Già fin troppi danni sono stati fatti e si continua erroneamente a ragionare in termini d’impatto fuori controllo della previdenza pensionistica sul PIL, mentre essa è integralmente finanziata dal sistema privato a ripartizione a carico solo dei lavoratori.

D. L’introduzione del principio di solidarietà intergenerazionale nel sistema pensionistico non è un valore aggiunto?

R.: Considerato che il pagamento dei contributi da parte dei lavoratori - oltre il carico fiscale – è generalmente considerata una “tassa di scopo”, finalizzata a finanziare solo le pensioni, chi sottoscriverebbe una polizza assicurativa con la clausola che i frutti di tali versamenti potrebbero essere rivisti in una logica di solidarietà? Ai giovani non va prospettato un futuro dove devono sperare nella solidarietà intergenerazionale, ma un futuro di lavoro degnamente retribuito.

D.: La situazione del sistema previdenziale è davvero drammatica, se, come dice Boeri, abbiamo addirittura bisogno degli immigrati per poterne garantire la tenuta.

R.: In realtà, i dati sulla disoccupazione e la fuga di tanti giovani all’estero dimostrano che a mancare non è la forza lavoro.
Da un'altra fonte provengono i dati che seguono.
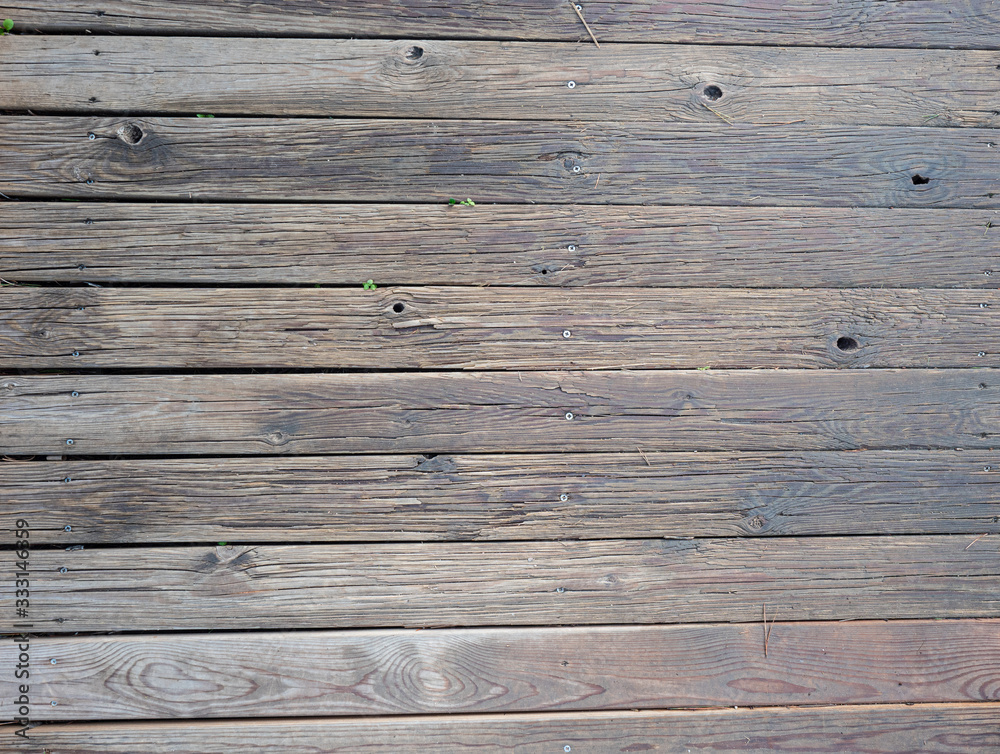 Strips of painted wooden planks floor in need Strips of painted wooden planks floor in need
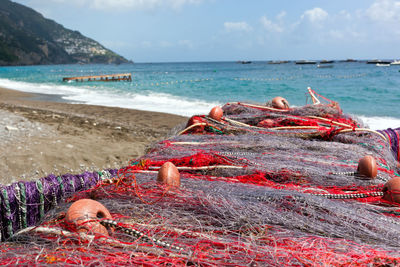 Close-up of fishing net on beach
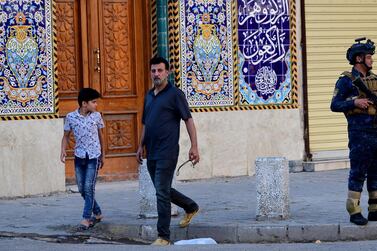 A member of Iraqi federal police forces stands guard in front of a Shiite Mosque in Baghdad's Karada district. EPA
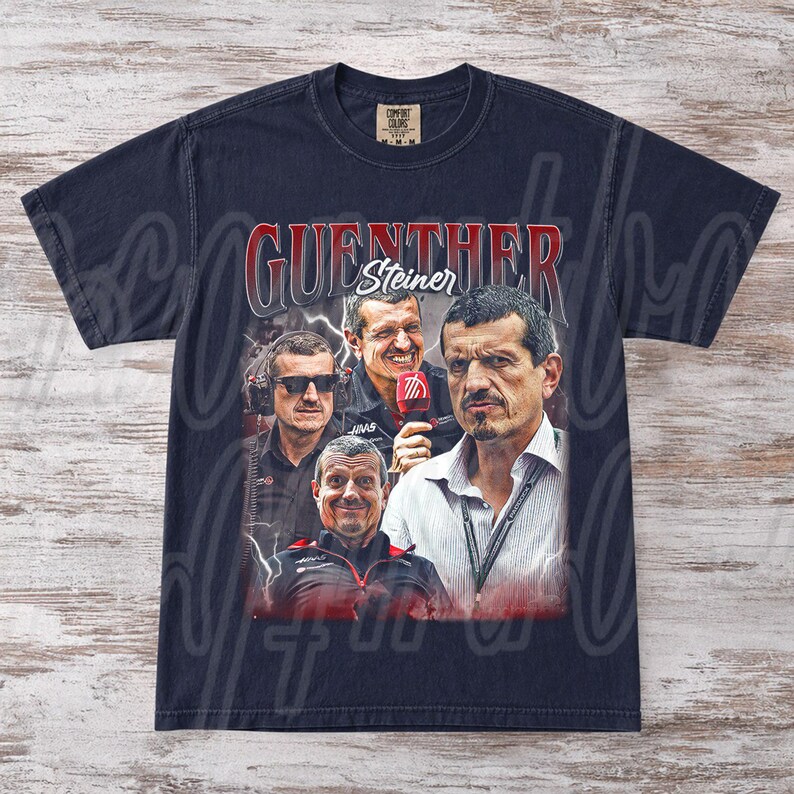 May include: Navy blue t-shirt featuring a graphic of G&uuml;nther Steiner, with his name in red and white. The design includes multiple images of Steiner. The shirt is from the Comfort Colors brand.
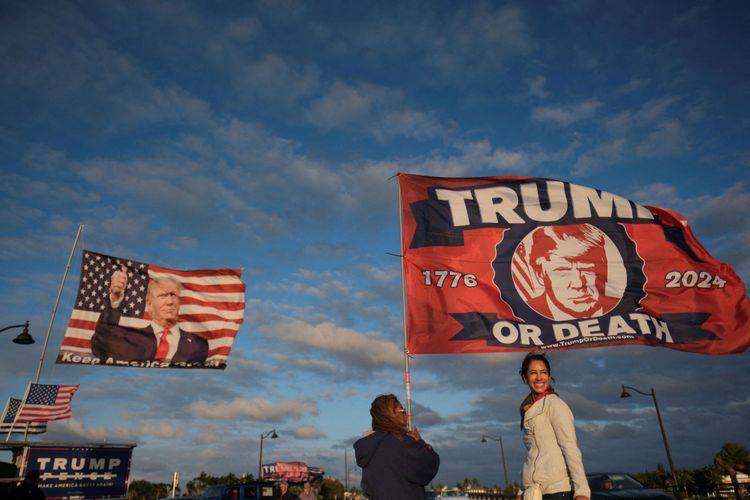 Zwei weibliche Trump-Fans mit einer Fahne. Auf dieser steht geschrieben: 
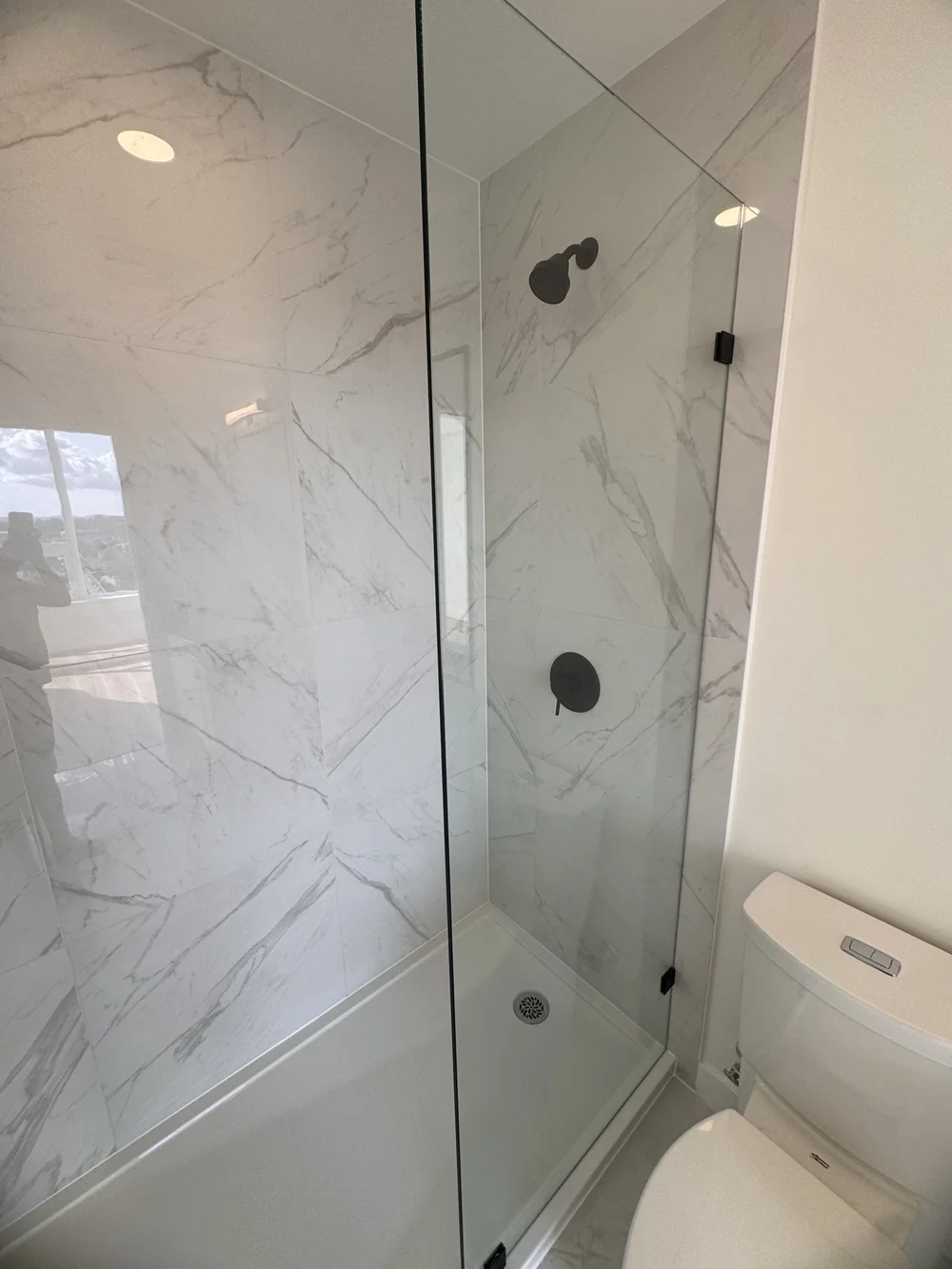 Glass shower with marble tiles, spotless after cleaning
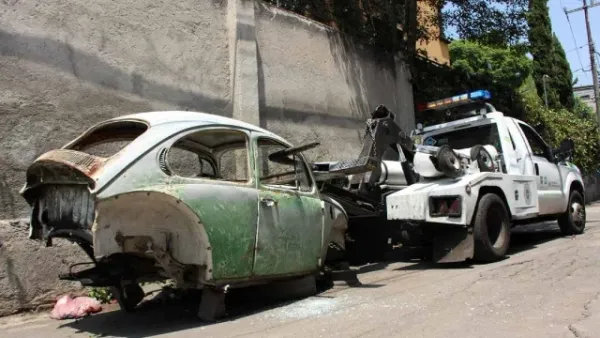 Grúa llevándose un auto en mal estado 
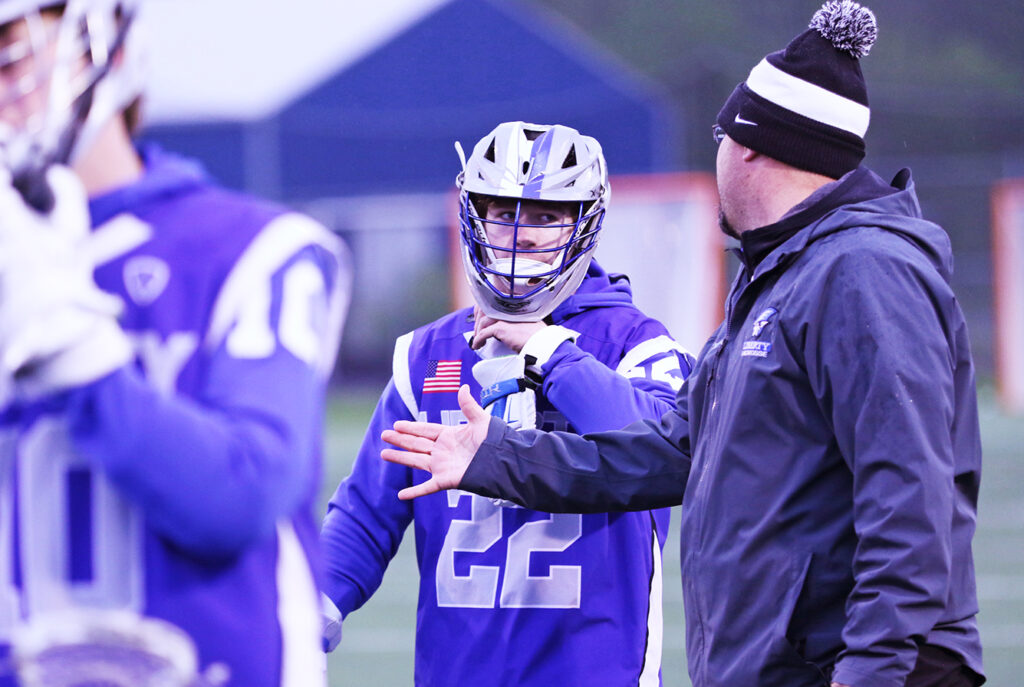 Olentangy Liberty's Ethan Brooks with coach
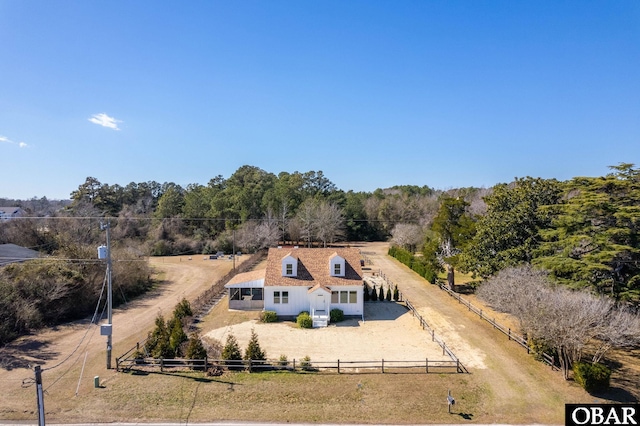 birds eye view of property featuring a view of trees and a rural view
Sarebbe opportuno piuttosto parlare di previdenza solo in relazione alle pensioni collegate ai contributi versati, escludendo ogni forma di assistenza. D’altronde la spesa pensionistica è calcolata ed esposta al lordo delle tasse. Ciò è singolare, visto che queste, trattenute alla fonte, costituiscono un’entrata e non un’uscita per lo Stato. Ma anche al di là di queste dinamiche, spunto per approfondimenti importanti, resta il fatto che dai lavoratori vengono prelevate aliquote importanti sia per tasse sia per contributi. Aliquote rilevantissime che superano di gran lunga il 50% del frutto del loro lavoro.
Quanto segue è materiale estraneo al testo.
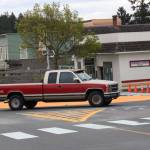 Staff photo/Hayley Day                                A driver makes his way through Friday Harbors painted roundabout after it first opened in May.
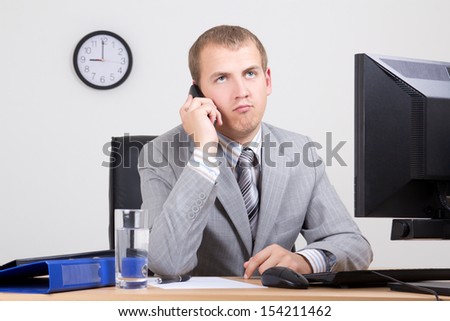 bored businessman talking on phone in his office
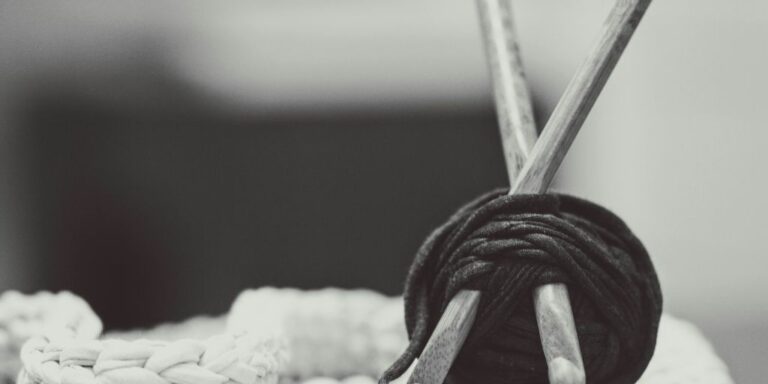 gray wooden sticks with black yarn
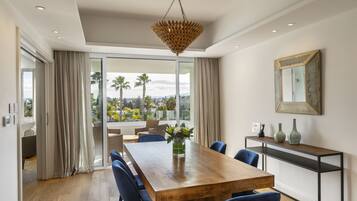 A dining area with a wooden table, blue chairs, a hanging light fixture, and a view of palm trees through large windows.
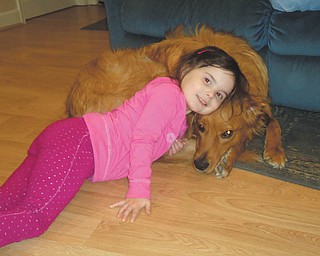 Five-year-old Carley Johnston is hanging out with her best friend, Tucker, on a rainy day in April 2011 at their home in Poland. Tucker, a 1 1/2-year-old Golden Retriever/Collie mix, was adopted by the Johnston family in Feburary 2010 from the Humane Society of Columbiana County. The photo was taken by Carley's mom, Cara Johnston.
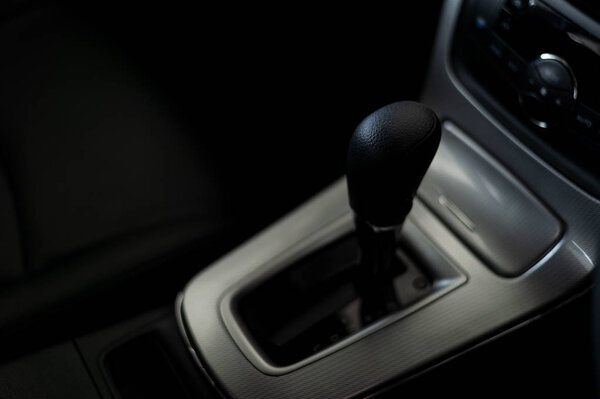 closeup automatic gear in new car with soft-focus and over light in the background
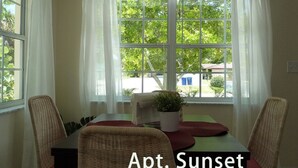 A room with a table, chairs, and a view of greenery outside. - Sun, beach, and great deals: Huge discounts on vacation destinations! (Cape Coral)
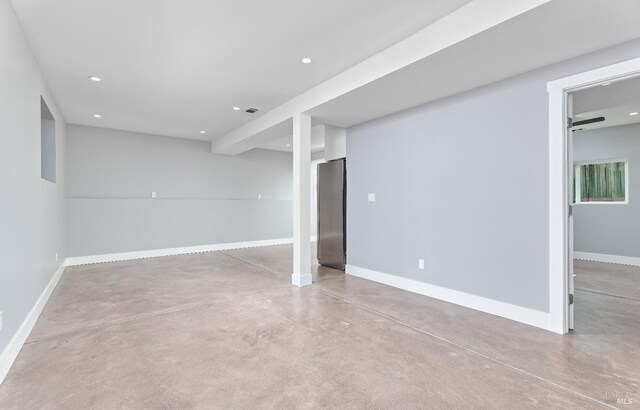 finished below grade area featuring visible vents, recessed lighting, freestanding refrigerator, and baseboards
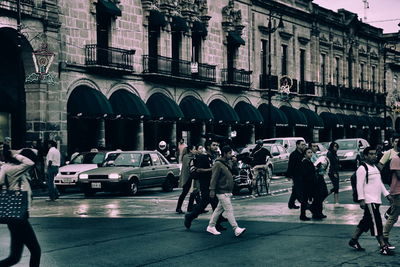 People on sidewalk in city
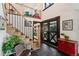 Inviting entryway featuring stone floors, staircase, and a beautiful front door with decorative 'X' design at 7706 S Crocker Ct, Littleton, CO 80120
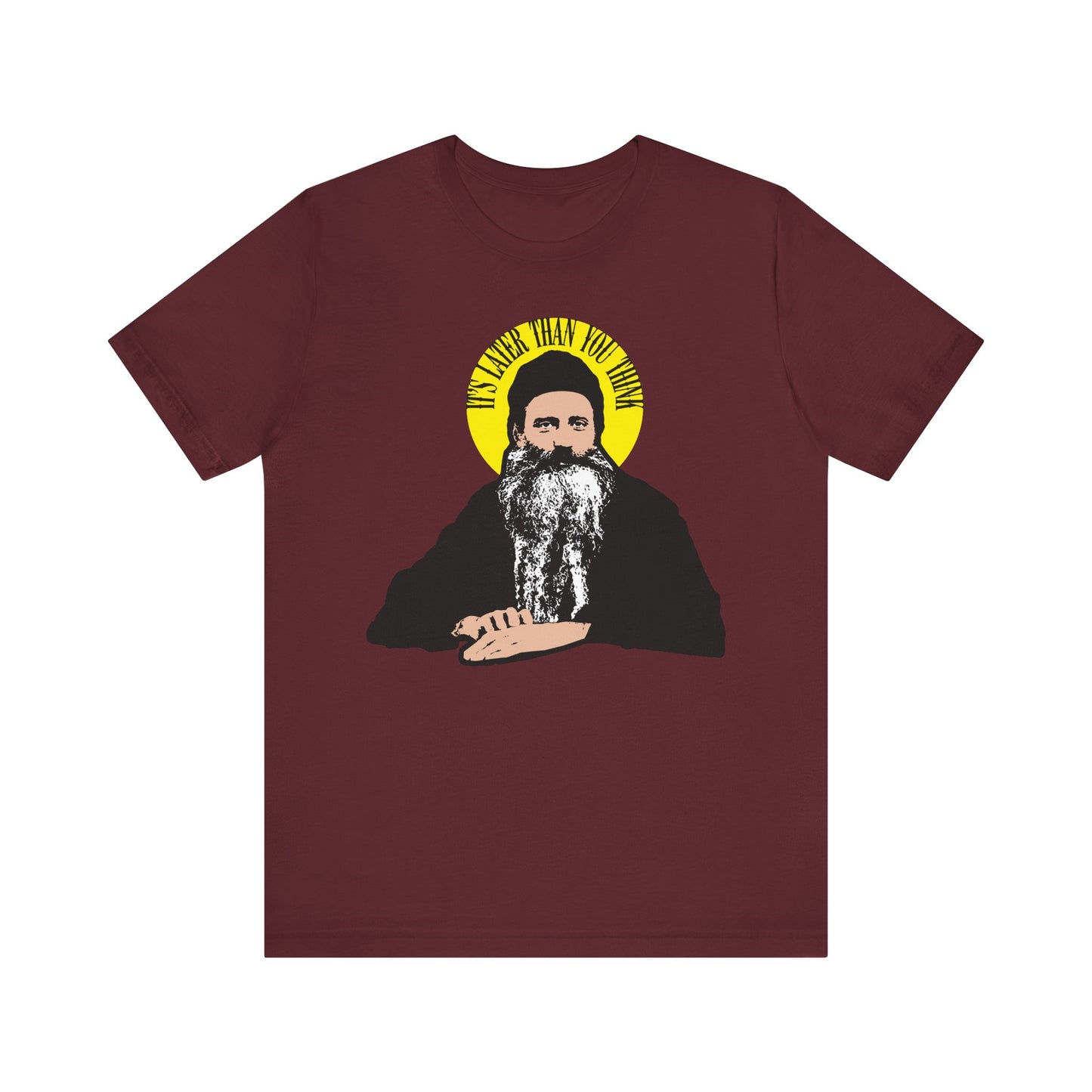 Maroon tee featuring St. Seraphim Rose with a yellow halo and the quote “It’s Later Than You Think”—a modern Orthodox saint tribute. Lightweight cotton, unisex fit.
Il sistema contributivo, non conforme ai giudicati della Corte Costituzionale e iniquo per il calcolo della pensione non basato sull’effettiva speranza di vita dei lavoratori-pensionandi, e la riforma Fornero/Monti, emanata con l’unico scopo di rastrellare risorse a favore della Contabilità statale - giacché il sistema delle pensioni previdenziali, collegate ai contributi, si presentava nel 2011 e si presenta tuttora stabile e in linea con gli standard europei -, rappresentano un vulnus pesante per il Paese e per i lavoratori.

 

Questo lo scenario che ci penalizza gravemente sul fronte dell’equità sociale e del welfare. Questo il fronte su cui la CISAL continuerà a impegnare le proprie energie. Non quello volto a introdurre retribuzioni e compensi minimi, che, pur peccando di parzialità ed evidenziando la necessità di un intervento normativo organico che dia completa attuazione al dettato costituzionale, lasciano impregiudicate le prerogative sindacali mirate a migliorare le condizioni del lavoratore.